#### Exercise goal
Return the following data exactly, with all pictures left out.

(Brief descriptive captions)
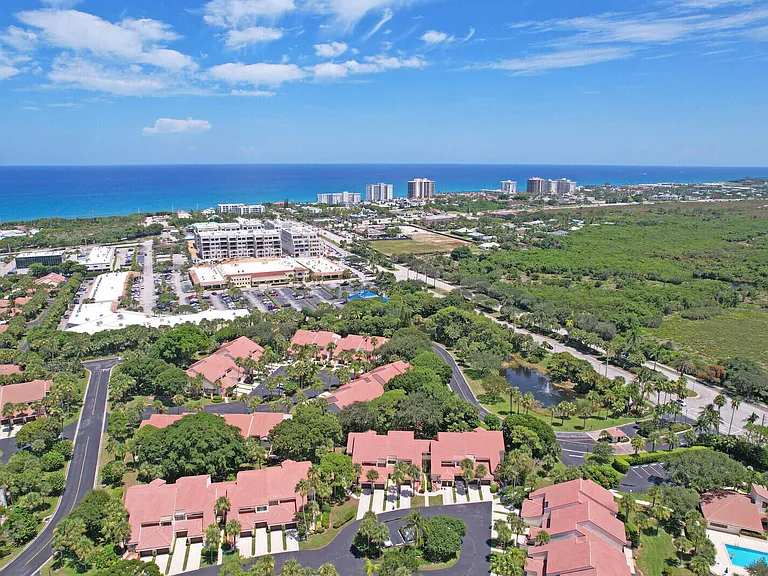 204 Sea Oats Dr #F — Photo 38
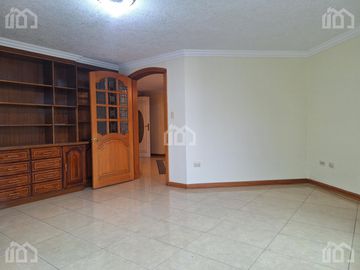 CASA DE VENTA EN MIRAVALLE URBANIZACIÓN RINCÓN DEL VALLE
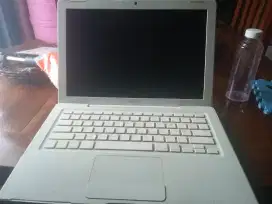 Di jual laptop MAC bekas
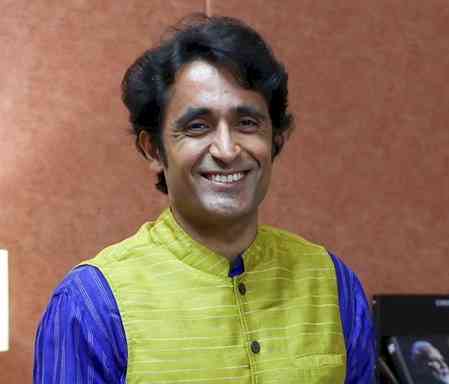 Shashi Tharoor row: BJP leader Pradeep Bhandari slams Rahul Gandhi
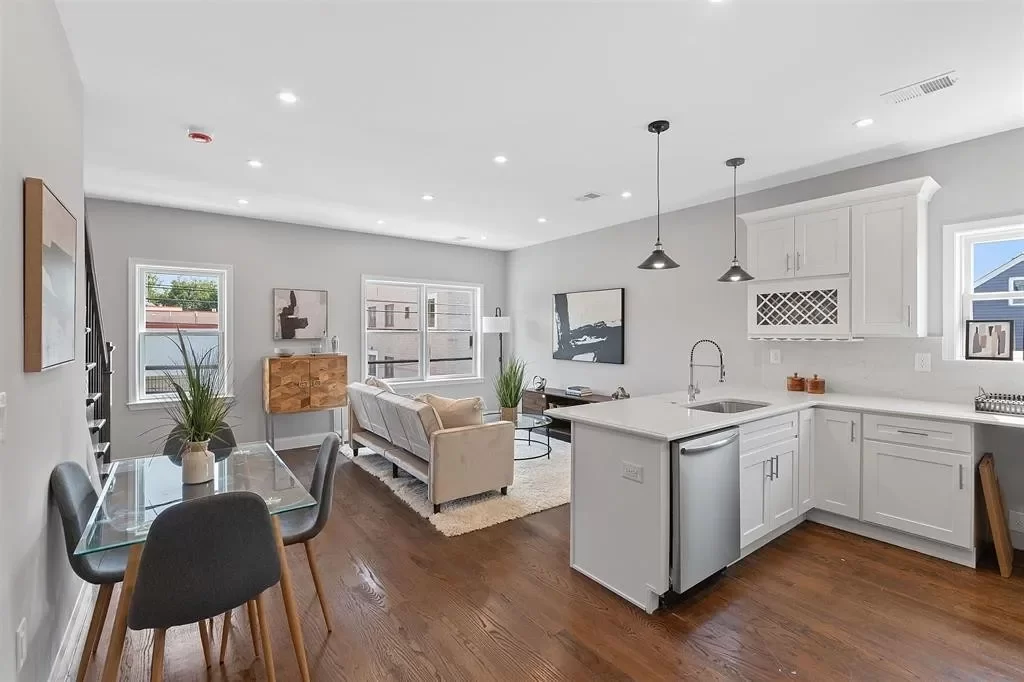 3BR Condo for Sale in Jersey City, NJ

#### Task response
 204 Sea Oats Dr #F — Photo 38
 CASA DE VENTA EN MIRAVALLE URBANIZACIÓN RINCÓN DEL VALLE
 Di jual laptop MAC bekas
 Shashi Tharoor row: BJP leader Pradeep Bhandari slams Rahul Gandhi
 3BR Condo for Sale in Jersey City, NJ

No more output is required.